We made it in time to the anchorage to enjoy a happy hour and Chuck got to chat with Jeremy for a few minutes! Hi Jeremy!!
We really enjoy sitting in the cockpit for happy hour with the dodger closed. The solar warmth from it is great when its been so cold on the open water. We shared a fabulous Sauvignon Blanc from New Zealand and some great Door County cheeses for dinner.
Unfortunately that night was tough at our first anchor. The wind came up around 1:30 a.m. from the west and it blew up and over the big sand dunes on the western side of the island. We had an anchor alarm on in case we moved but it was the first time using it as well. By sunrise, we had not moved an inch and I barely slept a wink…not good. Give me coffee!
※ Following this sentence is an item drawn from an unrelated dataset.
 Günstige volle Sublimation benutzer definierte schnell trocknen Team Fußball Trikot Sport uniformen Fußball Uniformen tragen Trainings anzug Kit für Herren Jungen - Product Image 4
In the morning, when we sailed out and we took the photo below of the South Manitou light and visitor’s center. The second lighthouse was off North Manitou island on a rock like Rock of Ages and was being repainted.
We crossed the Manitou Passage channel to the town of Leland, Michigan to stop for lunch. We were really jonesing for some Dockside-type food – chowder and fish and chips. The Harbormaster recommended the Cove for lunch and it was beautiful.
We sat outside next to the river where the steelheads from the lake were trying to jump over the damn. I didn’t know this, but steelhead are actually rainbow trout. It just depends where they are living is what they get called. Steelhead in the big water, rainbow trout in a lake.
The photo below is taken on Leland’s river where the fisherman used to live and dock their boats. It is still in use as shops and restaurants.
After lunch we headed towards Beaver Island in Northern Lake Michigan, another 40 plus nm crossing. No wind after we got into the middle of the lake so we happily motored along and arrived at Beaver Island’s municipal marina at 10 p.m. Again, we were the only sailboat in the marina and it wasn’t open for business yet.
We planned to stay in Beaver Island for two nights because the weather was supposed to be rainy with a chance of thunderstorms. It only rained and was cold from the NW winds blowing in. We really enjoyed the island – only locals around with lots of stories. We spent some time watching the ferry unload. Four forklifts to unload all of the supplies and in record time too!
The green tugs below are part of the lighthouse display on the island.
Sidenote…took my first shower onboard crossing the Lake because the engine makes hot water. It wasn’t too bad either. It was nice to be able to wash my hair!